Q: How would you describe your style?
A: Eclectic and diverse
Q: Which artist would you like to work with and why?
A: Haken. I damn-near idolize those guys. They are brilliant composers and masterful performers. I would love nothing more than to tell Richard Henshall to give me "one more take".
Q: Can you share one music production tip?
A: There is no such thing as the "perfect mix". However, an immersive listening experience is about balance. Get specific with your clients, learn how to use the tools available, and just trust you ears. It takes practice. If it sounds good, more than likely it is good.
Q: What type of music do you usually work on?
A: I am drawn to the more experimental sides of metal and rock, but I incorporate elements of pop, jazz, classical, electronica, and funk.
Q: What's your strongest skill?
A: Swift adaptation
Q: What do you bring to a song?
A: The perspective of someone looking to push boundaries. What I love about "progressive" rock or "experimental" music is the fact that they take risks and test the expectations of listeners without totally abandoning what came before. I don't intend to be generic, but I certainly don't aim to be different for difference's sake either.
Q: What's your typical work process?
A: I was a drummer first so often times, my songwriting process starts from the almighty groove. I've worked quite hard at "humanizing" programmed drums and taking it from there, especially on rock and metal tunes. However, my recent love affair with dark wave and synthwave have led me to start my compositions with the synthesizers. I usually start with pure composition on software and sheet music before I even pick up my guitar.
Q: Tell us about your studio setup.
A: Oh well since this is a new career for me, my studio is nomadic in nature. I have some top notch gear, especially on the software plug-in front. However, right now, my studio is simply our guest bedroom. Hopefully, one day, I can finance a full-on studio space. A man can dream.

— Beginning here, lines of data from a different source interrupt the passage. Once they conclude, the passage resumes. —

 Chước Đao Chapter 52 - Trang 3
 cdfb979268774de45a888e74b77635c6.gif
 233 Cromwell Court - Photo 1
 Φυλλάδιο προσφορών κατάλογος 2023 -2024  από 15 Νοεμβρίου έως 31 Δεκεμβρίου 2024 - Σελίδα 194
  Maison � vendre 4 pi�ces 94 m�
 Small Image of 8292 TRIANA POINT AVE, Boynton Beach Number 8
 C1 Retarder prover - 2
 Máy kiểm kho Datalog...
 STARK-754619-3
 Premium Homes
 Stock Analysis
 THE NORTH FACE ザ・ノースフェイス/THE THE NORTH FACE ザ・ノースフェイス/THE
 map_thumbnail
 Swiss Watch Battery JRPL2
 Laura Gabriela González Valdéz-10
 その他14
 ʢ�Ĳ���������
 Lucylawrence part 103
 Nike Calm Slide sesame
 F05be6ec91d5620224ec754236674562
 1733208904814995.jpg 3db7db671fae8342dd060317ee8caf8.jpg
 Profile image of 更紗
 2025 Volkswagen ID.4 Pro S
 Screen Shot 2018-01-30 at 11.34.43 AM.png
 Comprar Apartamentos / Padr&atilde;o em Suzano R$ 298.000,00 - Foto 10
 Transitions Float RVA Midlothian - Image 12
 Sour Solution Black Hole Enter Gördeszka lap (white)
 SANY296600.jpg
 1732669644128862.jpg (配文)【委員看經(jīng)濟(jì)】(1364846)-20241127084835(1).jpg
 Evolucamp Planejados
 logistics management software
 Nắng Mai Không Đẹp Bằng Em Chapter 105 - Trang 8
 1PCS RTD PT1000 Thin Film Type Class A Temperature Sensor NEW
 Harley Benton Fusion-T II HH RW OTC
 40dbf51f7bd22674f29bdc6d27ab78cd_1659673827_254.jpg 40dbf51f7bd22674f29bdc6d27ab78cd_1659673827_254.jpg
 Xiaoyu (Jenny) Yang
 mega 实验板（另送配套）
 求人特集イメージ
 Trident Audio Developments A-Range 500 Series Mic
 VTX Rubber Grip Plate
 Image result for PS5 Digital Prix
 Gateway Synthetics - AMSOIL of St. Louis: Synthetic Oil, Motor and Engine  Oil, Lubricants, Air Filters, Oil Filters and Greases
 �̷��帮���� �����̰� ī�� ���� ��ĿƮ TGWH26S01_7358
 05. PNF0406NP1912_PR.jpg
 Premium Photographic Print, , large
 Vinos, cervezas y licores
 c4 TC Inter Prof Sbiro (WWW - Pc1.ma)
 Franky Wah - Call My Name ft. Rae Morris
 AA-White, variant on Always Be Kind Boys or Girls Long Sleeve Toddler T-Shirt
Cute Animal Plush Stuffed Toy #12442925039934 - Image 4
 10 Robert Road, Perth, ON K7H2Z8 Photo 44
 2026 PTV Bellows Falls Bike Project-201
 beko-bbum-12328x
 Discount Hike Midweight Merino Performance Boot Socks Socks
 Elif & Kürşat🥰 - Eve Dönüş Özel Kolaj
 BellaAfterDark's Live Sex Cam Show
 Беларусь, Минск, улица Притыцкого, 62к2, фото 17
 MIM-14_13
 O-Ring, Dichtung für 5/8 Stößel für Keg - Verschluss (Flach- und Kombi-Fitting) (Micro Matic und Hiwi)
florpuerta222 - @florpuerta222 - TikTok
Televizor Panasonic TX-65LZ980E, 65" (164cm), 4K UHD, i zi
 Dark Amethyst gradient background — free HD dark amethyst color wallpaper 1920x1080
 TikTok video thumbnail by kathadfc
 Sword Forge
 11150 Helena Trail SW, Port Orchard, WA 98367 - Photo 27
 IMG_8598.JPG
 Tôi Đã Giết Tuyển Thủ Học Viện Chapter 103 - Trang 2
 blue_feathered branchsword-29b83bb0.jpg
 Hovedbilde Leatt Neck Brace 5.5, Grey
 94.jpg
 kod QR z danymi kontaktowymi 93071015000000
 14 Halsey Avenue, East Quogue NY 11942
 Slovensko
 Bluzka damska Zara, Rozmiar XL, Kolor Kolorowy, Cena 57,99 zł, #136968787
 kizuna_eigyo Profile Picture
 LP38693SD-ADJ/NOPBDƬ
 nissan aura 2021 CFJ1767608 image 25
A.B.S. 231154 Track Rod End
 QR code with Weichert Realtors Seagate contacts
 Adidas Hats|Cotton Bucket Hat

Q: What other musicians or music production professionals inspire you?
A: From a writing and performing standpoint, my biggest influences are Devin Townsend, Haken, VOLA, The Dillinger Escape Plan, Riverside, Steven Wilson, Rush, King Crimson, and Dream Theater. I like it when artists dare to reach outside of their label and incorporate left-field elements into their writing. I have always been a film score buff. I am a sucker for the hybridization of the traditional orchestra and modern electronic elements, especially in the low end. Look no further than guys like Hans Zimmer, Junkie XL, Trent Reznor, and Atticus Ross. They build tension and atmosphere that enhances what is visually on-screen rather than drown you in grandiosity. From a technical production standpoint, I think Adam "Nolly" Getgood's mixes are one of the best in the game, especially in the world of very heavy and technical metal. I've never heard such low-tuned guitars sound so crisp and clear.
Q: Describe the most common type of work you do for your clients.
A: I have no music CV yet. This is a clean slate for me.